Azur Asphalte

Azur Asphalte

7 octobre 2024 0 Par Paul Rassat

Sylvain Bordesoules a le don de transformer en poésie la mélasse de la vie. Azur Asphalte succède à L’été des charognes. À propos de ce précédent album, Talpa écrivait : « Le travail de Sylvain Bordesoules  traduit cette nécessité de la vie au ras de la survie. Tout se joue en réactivité, dans l’instant. » L’été était adapté d’un roman, Azur Asphalte naît entièrement de l’esprit et de la main de Sylvain, la vérité est la même dans les deux albums.
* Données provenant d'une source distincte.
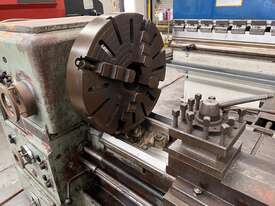 Used Gurutzpe Lathe 600 x 3000mm - picture2' - Click to enlarge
C’est sans contestation possible que l’auteur ne nous raconte pas des histoires : il les vit, il est au cœur de son récit, de ses personnages qui demeurent des gens. Des gens qui se démènent pour continuer.

«  Ils font comment les gens ? »

«  En vrai c’est compliqué la vie dès que tu commences à y mettre des gens dedans. »

« Il y a toujours un petit moment où on se rend compte que la journée est terminée et que c’est bon…Les problèmes de demain sont pour demain. Et là, entre l’instant où on s’endort et le nouveau matin…on peut se poser et avoir l’impression d’exister…Après des fois, c’est bien aussi de pas avoir le temps d’exister. »

Vivre, survivre

Alors qu’on nous parle de la charge mentale des femmes, de celles en particulier qui élèvent seules leurs enfants, Sylvain nous la fait vivre. On plonge dedans grâce aux nombreux soliloques. En direct. Les relations entre les personnages apportent l’humanité nécessaire à leur survie. La relation via les écrans et les réseaux sociaux aussi. Même basique, elle apporte une forme de poésie, de fond partagé qui permet de surmonter la drague lourde, les accidents de la vie, la souffrance, l’incertitude, la vie subie que contrebalancent des plaisirs simples : la plage gratuite, le fastfood, le centre commercial présenté comme un musée ! La télé réalité n’a rien à envier à la vie des personnes que croque Sylvain, sinon que la seconde est scénarisée par les contraintes de la société.

La poésie de la vie journalière   

Le dessin et la couleur sont remarquables. Ils apportent la poésie qui anime chaque détail, chaque enchaînement, les angles choisis. La précision du détail est bien là, mais dépassée par l’énergie du trait, les touches de couleur. Chaque élément s’insère parfaitement dans l’ensemble en un équilibre toujours en recherche. Si les dialogues au couteau disent une parfaite objectivité, sans effet, l’ensemble chante grâce à la magie de Sylvain. Michel Vinaver disait : «  La vie journalière a toujours été pour moi sujet d’étonnement, et à partir de cela d’exploration. J’ai toujours voulu savoir ce que c’était que cette vie journalière. Quelle était sa part dans nos destins. » Il semble que Sylvain Bordesoules suive le même chemin. Entre Azur et Asphalte la vie continue.

Notes

On aurait naturellement tendance à écrire « Azur et Asphalte ». L’absence de ce et crée un précipité admirable. Un choc.

C’est chez BD Fugue Annecy que Talpa avait découvert et rencontré Sylvain qui dédicaçait L’été des charognes.